E agora, aparentemente, as videoconferências renovaram as possibilidades de constrangimentos. “As empresas estão dentro da casa de seus funcionários, que estão em diferentes condições sociais. Se não houver cuidado, podemos levar nossos preconceitos para esse lugar, e, ao invadir a intimidade do outro, podem surgir comentários pejorativos sobre o outro, sobre a casa do outro”, comenta. Caso de uma paciente de Ana Reis que foi cobrada por sua chefe imediata não em razão do trabalho que vinha entregando, mas sim por conta da mesa que usava. “A gerente chamou atenção dela dizendo aquela parecia uma mesa de botequim, ao que ela respondeu que não tinha dinheiro para comprar uma nova e, afinal, aquele era o tamanho ideal do móvel considerando que sua sala não é espaçosa”, lembra.
Produtividade cai
Diante desses quadros, são evidentes as perdas para as empresas. Afinal, para lidar com um ambiente desconfortável, o funcionário precisa desviar esforços, energia e inteligência que poderiam ser usados para gerar resultados. “Por isso, haverá queda de produtividade e maior carga de estresse, roubando capacidade de resposta e de motivação”, aponta Ana Reis. Ela acrescenta que empresas que têm times focados em um propósito crescem mais. Portanto, “as organizações precisam se lembrar de que o propósito não é só um amontoado de palavras que fica bonito na parede. É importante questionar: ‘Aonde queremos chegar? De que maneira vamos chegar a esses resultados?’ Sem dúvida, ao se fazer esse autoexame, vai ficar claro que o bullying é um obstáculo”, diz, sublinhando que a alta administração e as lideranças devem estar sempre atentas a comportamentos danosos. “Não é fácil, mas é possível”, garante.
A consultora critica que áreas de recursos humanos e desenvolvimento – “que deveriam ser especialmente vigilantes” –, por vezes não percebem situações vexaminosas e, outras vezes, até compactuam com elas.

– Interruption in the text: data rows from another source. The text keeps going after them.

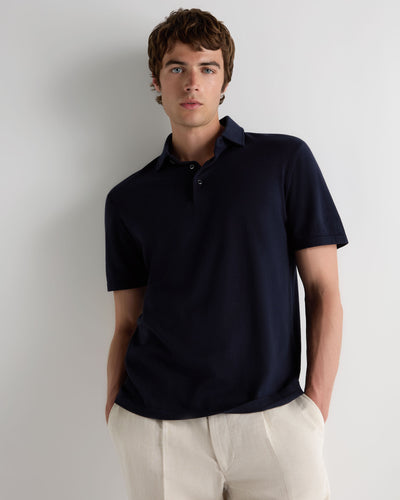 N.Peal Men's Hove Cotton Polo Navy Blue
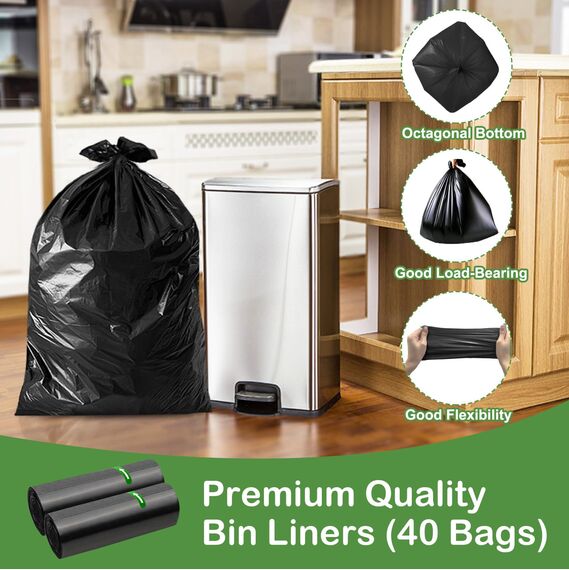 KITBEST 50L Recycling Müllbeutel Müllsäcke (40 Beutel), Starke Mülltüten Abfallbeutel Mülleimerbeutel, Passend für 30-50L Haus- und Gartenabfalleimer, Schwarze, reißfest und wasserdicht (60×80cm)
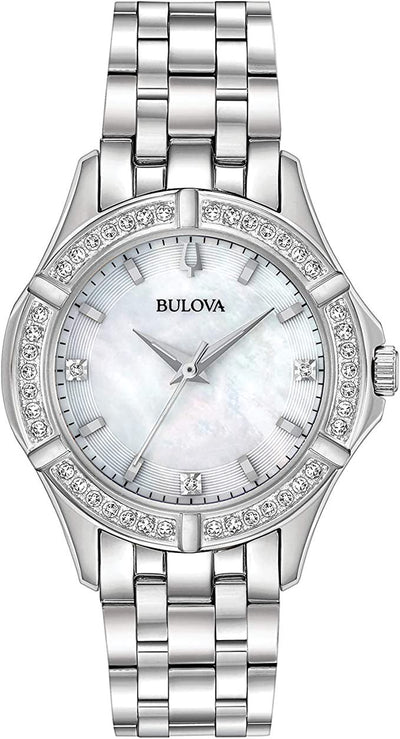 Bulova Classic Stainless Stee Diamond Ladies Watch 96R233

Não é incomum, complementa, que o ato de constranger seja erroneamente compreendido como ferramenta por alguns gestores: “Já vi casos em que o presidente do instituto desqualificava todos os subordinados publicamente e os líderes precisavam gastar horas recuperando a motivação da equipe”.
Respostas da sociedade e individuais são importantes
Algo que vem pressionando pela transformação dos ambientes de trabalho em locais mais saudáveis é a postura mais enfática das pessoas em sociedade em relação, por exemplo, à discriminação por cor ou por orientação sexual, “que são ainda razões de bullying recorrente no espaço profissional”, informa Ana Reis.
A consultora avalia ser importante que exista também uma resposta individual: “A pessoa que está sendo alvo desses ataques precisa calibrar o que aceita ou não, se fortalecer emocionalmente – e, para isso, pode buscar ajuda com profissionais em desenvolvimento humano. Assim, terá condições de dizer que não vai aceitar mais aquela situação e aprender a encontrar saídas – sem replicar o bullying, o que seria uma péssima resposta”.